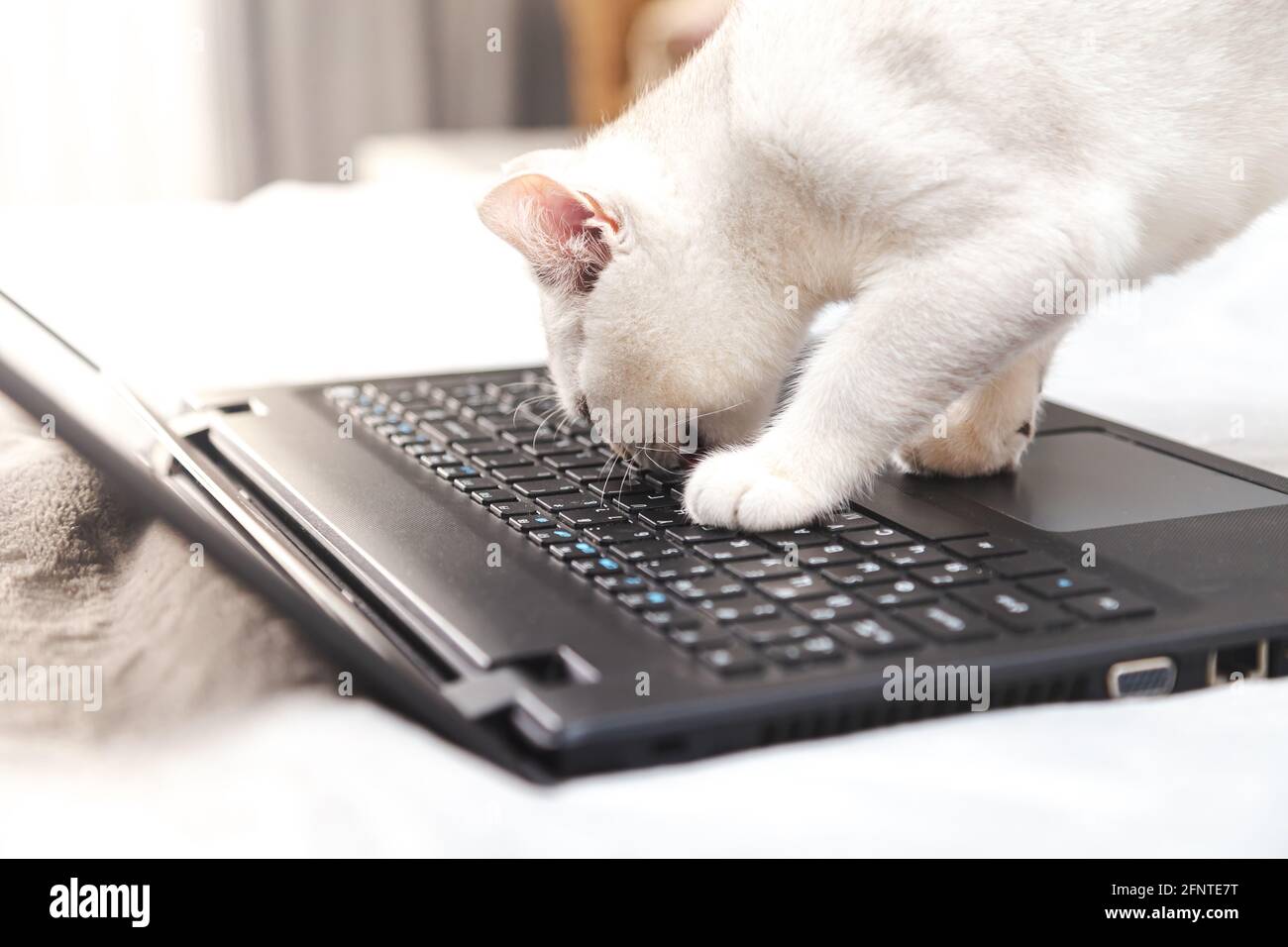 Weiße britische Katze mit einem Laptop. Konzept für Online-Lernen, Arbeit von zu Hause, Selbstisolation. Humor. Stockfoto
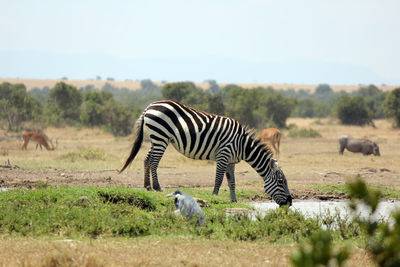 Animals on field against sky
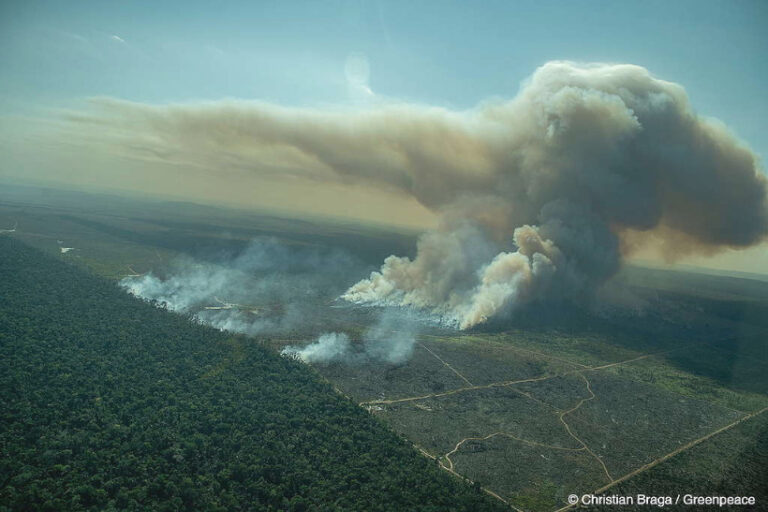 Brasil desmatamento NDC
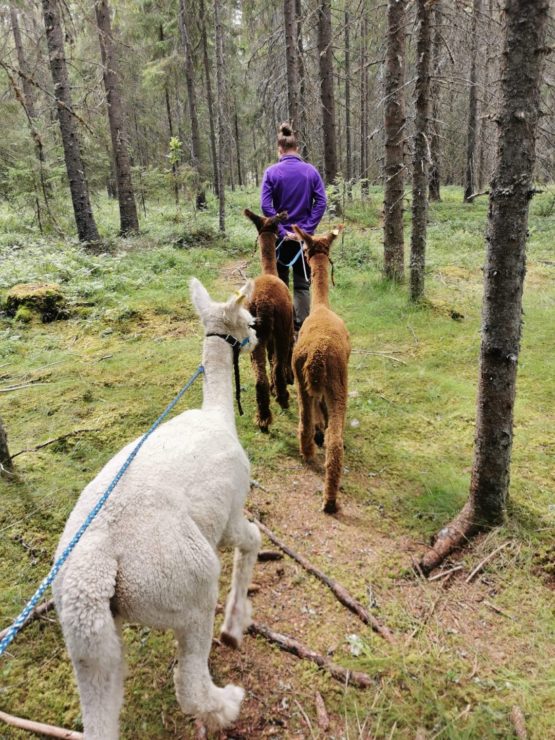 Alpakkavandring i Hurdal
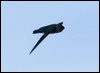 Click here to enter gallery and see photos of Black-nest Swiftlet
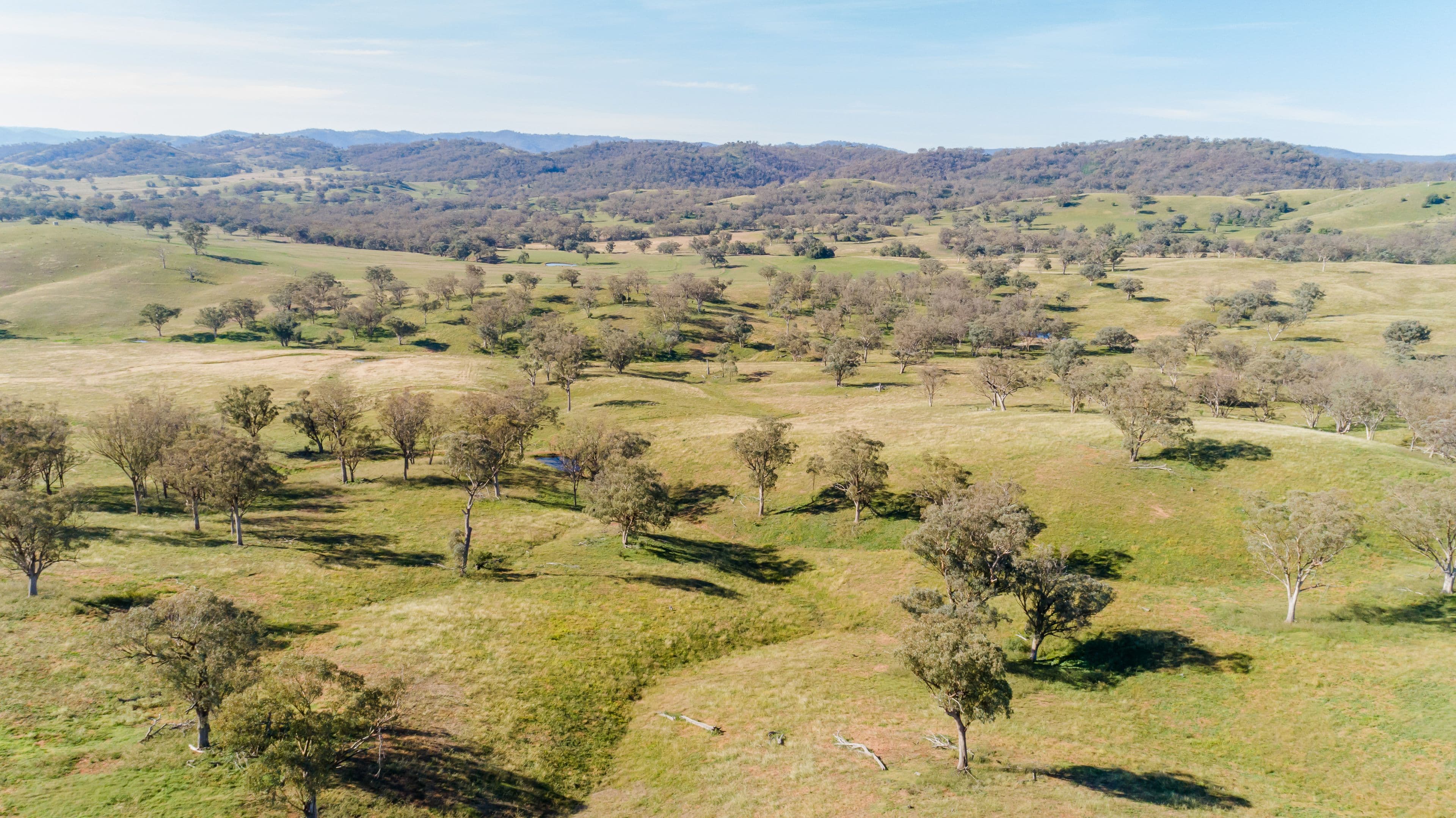 'Warrenella' Yarramanbully Road, Tamworth NSW 2340, Tamworth - Image 1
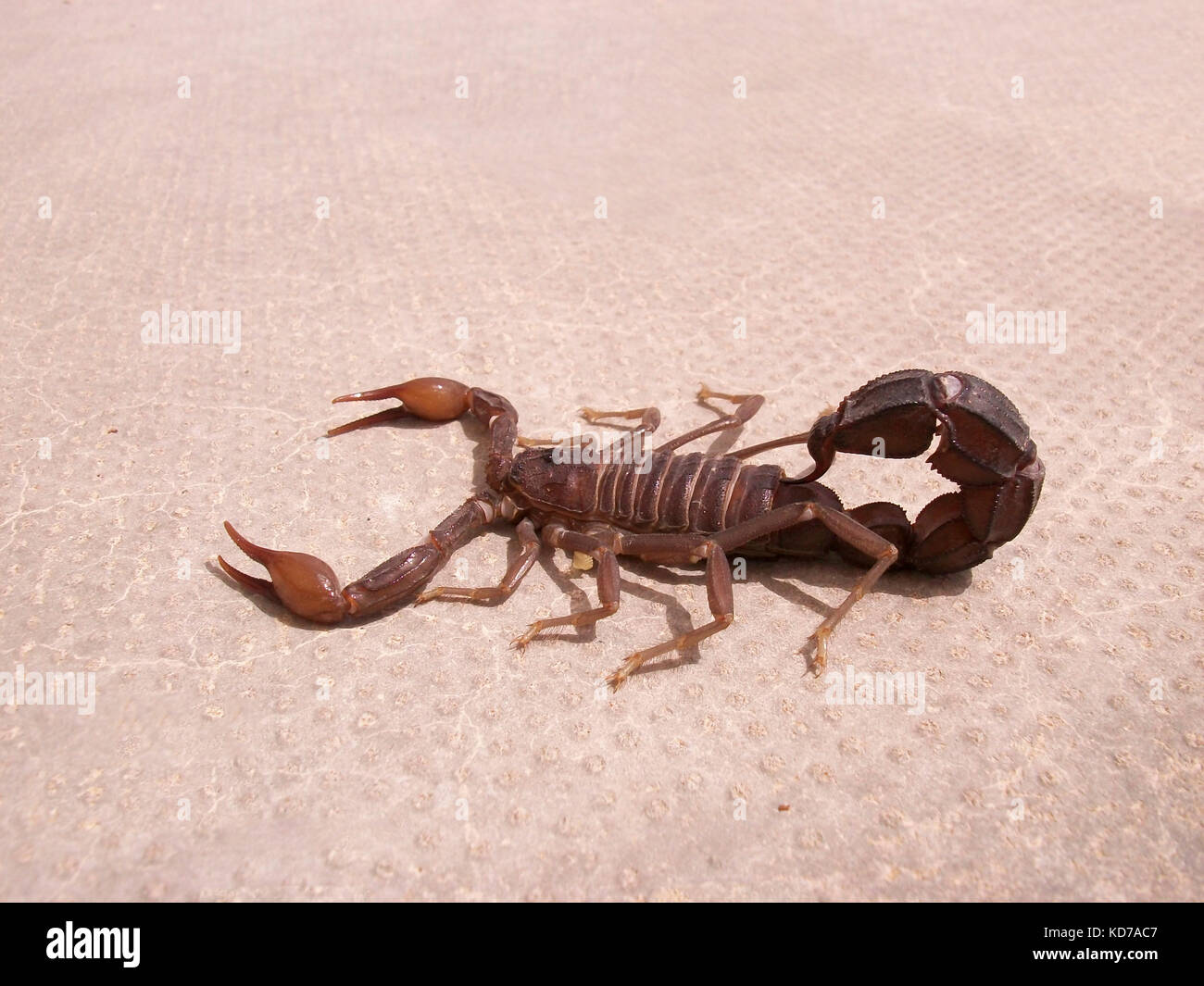 Scorpion. Poisonous chlenistonogy deserts in the Emirates. Stock Photo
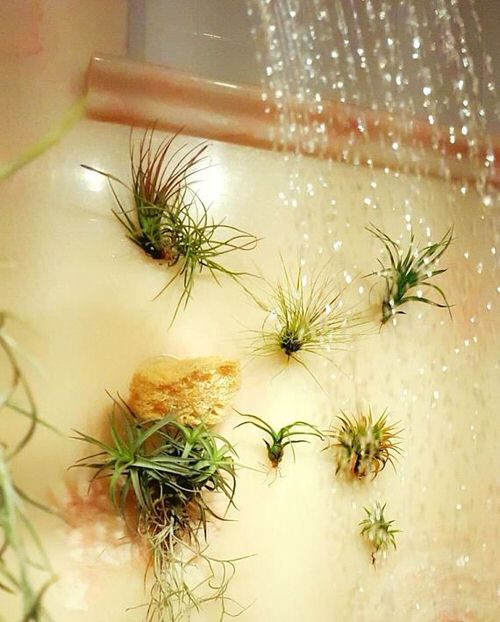 Mini Vertical Garden Ideas with Air Plants 3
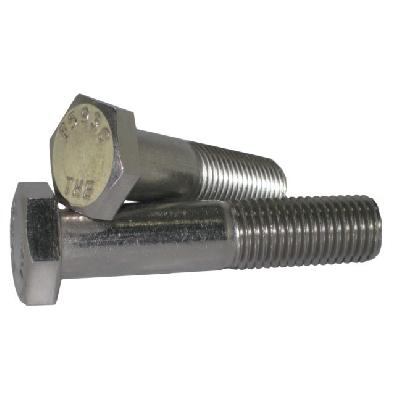 SS 304 Hex Bolt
========================================================================
● Task to complete:
Word for word, restate only the lines from the one bearing "Scorpion. Poisonous chlenistonogy" through the final line of the listing, inclusive, with no pictures.

● Response:
 Scorpion. Poisonous chlenistonogy deserts in the Emirates. Stock Photo
 Mini Vertical Garden Ideas with Air Plants 3
 SS 304 Hex Bolt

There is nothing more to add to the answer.